Collective reparation recovers peasant traditions in the Northeast of Antioquia
With treats and actions of historical memory, community rehabilitation continues in the municipality of Remedios with the strengthening of Cahucopana organization
The task of fixing and cleaning the bridle paths, the road that leads to the urban area, the field and the area adjacent to a school, brought the communities of the Camelias and Caño Tigre villages together again, as a sign recovery of social network damaged by the armed conflict in the past.
The invites brought together children, youth, adults and the elderly for two days in these rural areas of the municipality of Remedios (Antioquia) to the joy of its inhabitants, who once again enjoyed a traditional practice of the peasant population, but this time complying with biosecurity measures for the current pandemic.
These autonomous actions, which continue this month, are part of Interlazando community rehabilitation measures of the comprehensive collective reparation plan, implemented by the Victims Unit with the Humanitarian Action for Coexistence and Peace Corporation of Northeast Antioqueño (Cahucopana).

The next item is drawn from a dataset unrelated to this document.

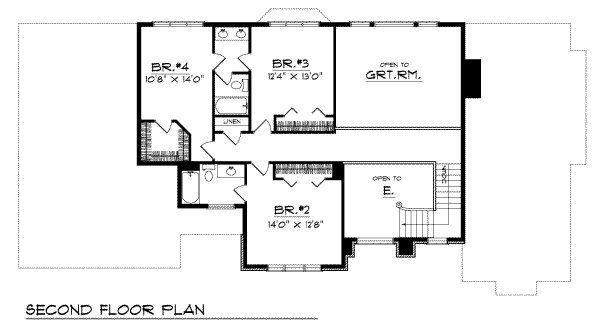 House Plan Design - European Floor Plan - Upper Floor Plan #70-485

In addition to the cleaning and maintenance days in the sidewalks, this peasant organization held a discussion as organizational strengthening, which included historical memory exercises on its role in the 10 municipalities of the subregion where it works in favor of the communities.
The sessions were led by the Community Action Boards and a member of the organization trained as weavers, as is known to inhabitants empowered with Entrelazando strategy to rebuild social relations.
For Carlos Morales, representative of Cahucopana, these actions “allow us to recover our collective practice, to establish ourselves as an organization that defends the human rights of peasant communities, but also to regain trust with this community and to continue with our commitment to forms of humanitarian organization and pacifist and always committed to the defense of free and sovereign territory”.
Physical and social recovery
The inhabitants of these areas remembered with nostalgia that the treats were important for the development of works in their villages with the joint work and contributions of all, but that this social practice had disappeared due to the clashes between armed groups and victimizing events such as murders of residents and forced displacement.
According to Wilson Córdoba Mena, director of the Victims Unit in Antioquia, “these community practices facilitate the exchange of knowledge and experiences of a generation of adults with young people and to resume the collective projects of the peasants to promote the progress and productivity of the countryside".
He also highlighted that the collective reparation plan with Cahucopana has 14 measures, ranging from the training school with a gender perspective, the generational transfer of knowledge, productive projects such as a community farm and the recovery of traditions.
This peasant organization was created in 2004 to protect the human and environmental rights of peasant and mining communities in the rural areas of Northeast Antioquia and was recognized by the Victims Unit as a subject of collective reparation in 2017.
In Antioquia, the Victims Unit has 65 recognized subjects of collective reparation (more than 600 in Colombia), 22 of these with plans in implementation with measures such as rehabilitation or construction of community infrastructure (community booths, parks, bridges, roads, courts), endowments to medical centers, educational institutions, health posts, houses of culture, productive projects and recovery of traditions.